I recently spent some time reading about the algorithms behind Stable Diffusion and similar image generation models. They have been linked with an interesting 40-years-old result on diffusion processes1. In short, this result states that there exists an explicit path from an initial probability distribution $p_0$ to a random noise (a normal distribution), and that this path can be reversed.

One application of this concept is sampling : we can draw a sample from a random noise and use the backward diffusion to obtain a sample from $p_0$. In the context of computer vision, this distribution would be multivariate with dimension $3 \times W \times H$, where $W$ and $H$ are respectively the width and height of a RGB image in pixels. The initial release of Stable Diffusion was using $H=W=512$.

In this document, I’ll delve into the mechanics of reverse-time diffusions in dimension 1 (one pixel, one color channel) and derive equations to build a better understanding and intuition.

Forward diffusion

The transition from an image to noise is accomplished by repetitively introducing random perturbations to our initial distribution. This can be done in a continuous time setting using an Ornstein-Uhlenbeck stochastic process. The Ornstein-Uhlenbeck process is defined by the following stochastic differential equation (SDE) :

$$ dX_t = - \theta (X_t - \mu) dt + \sigma dW_t $$

where $W$ is a Brownian motion defined on some probability space $(\Omega, \mathcal{F}, P)$. The first term is forcing the mean to converge to $\mu$, while the second term is adding noise.

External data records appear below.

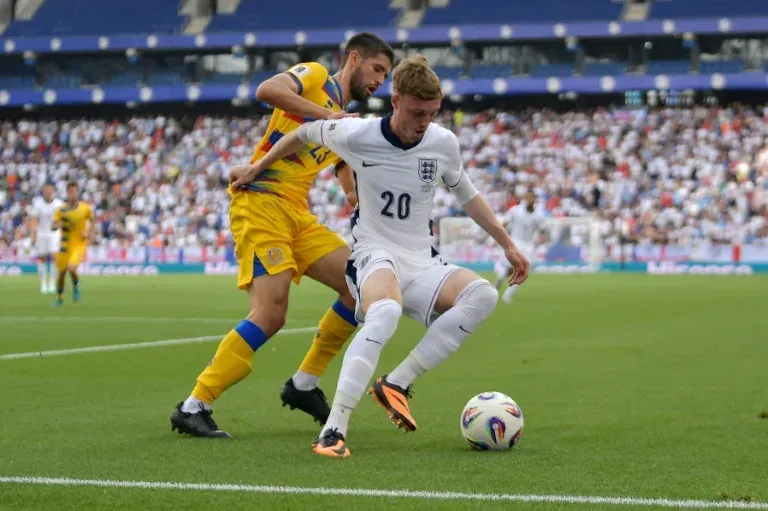 Alexander-Arnold and Palmer return to England squad for Nations League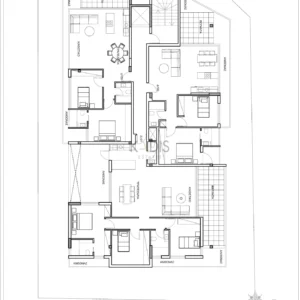 2 Bedroom Apartment for Sale in Agios Dometios, Nicosia District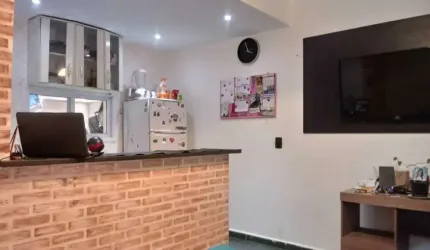 Casa à venda no bairro Jardim Santa Genoveva - Guarujá/SP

We can show using Itô’s formula with $f(t, x) = x e^{\theta t}$ that

$$ X_t = \mu + (X_0 - \mu) e^{-\theta t} + \sigma \int_0^t e^{-\theta (t - s)} dW_s $$

This means that the marginals of $X$ conditional to $X_0$ follow a normal distribution

$$ X_t | X_0 \sim \mathcal{N}\left(\mu + (X_0 - \mu) e^{-\theta t}, \sigma^2 \frac{1-e^{-2\theta t}}{2\theta}\right) $$

We note that the mean tends to $\mu$, and the variance to $\sigma^2/(2\theta)$. We can then reparameterize the SDE such that the distribution of $X$ converges to a standard normal distribution (with unit variance) :

$$ dX_t = - \frac{\sigma^2}{2} X_t dt + \sigma dW_t \tag{1} $$

and :

$$ X_t | X_0 \sim \mathcal{N}\left(X_0 \sqrt{\alpha_t}, 1 - \alpha_t \right), \ \alpha_t = e^{- \sigma^2 t} $$

At this point we can notice a few things :

  • Impact of the noise level $\sigma$ : the noise (or volatility) parameter $\sigma$ has a similar impact on the diffusion as the time $t$. Increasing $\sigma$ will lead to noise being added faster
  • Distribution of $X$ : the distribution of $X$ given $X_0$ is normal, but the unconditional distribution is not in general. In the case where $X_0$ is itself normal, each step of the diffusion will generate a new normal distribution as we sum independant Gaussian variables together

Backward diffusion

We follow the notations of Haussmann and Pardoux2 and define $Y_t = X_{1-t}$ for $0 \leq t \leq 1$. It can be shown12 that the reverse process $Y$ follows the SDE

$$ dY_t = \left[ \frac{\sigma^2}{2} Y_t + \sigma^2 s_{1-t}(Y_t) \right] dt + \sigma d\overline{W}_t $$

where

$$ s_t(x) = (\log p_{t})’(x)$$

is the score function associated with distribution $p_{t}$ (derivative of its logarithm) and $\overline{W}$ another Brownian motion. In practice, the score is intractable and needs to be approximated.

Score matching

One method is score matching34. The score function $s_t$ is approximated using a parametrical model $s_\theta$ :

$$ \min_\theta J(\theta) = \min_\theta \mathbb{E}\left[ \frac{1}{2} \left(s_\theta(X_t) - s_t(X_t)\right)^2 \right] $$

The $1/2$ constant is only a convention. We can simplify this expression by using an integration by part trick5. First we develop $J$ :

$$ \int_D \frac{1}{2}(s_\theta(x)^2 - 2 s_\theta(x) s_t(x))p_t(x)dx + \frac{1}{2}\mathbb{E}\left[ s_t(X_t)^2 \right] $$

Since the last term does not depend on $\theta$, minimizing the rest will suffice. Thus our new cost function $\tilde{J}$ reads, after integration by part :

$$ \tilde{J}(\theta) = \mathbb{E}\left[ \frac{1}{2} s_\theta(X_t)^2 + s_\theta’(X_t) \right] $$

This removes the dependency to an explicit formulation of the distribution $p_t$. Instead we can rely on Monte-Carlo estimation for instance to compute the cost function.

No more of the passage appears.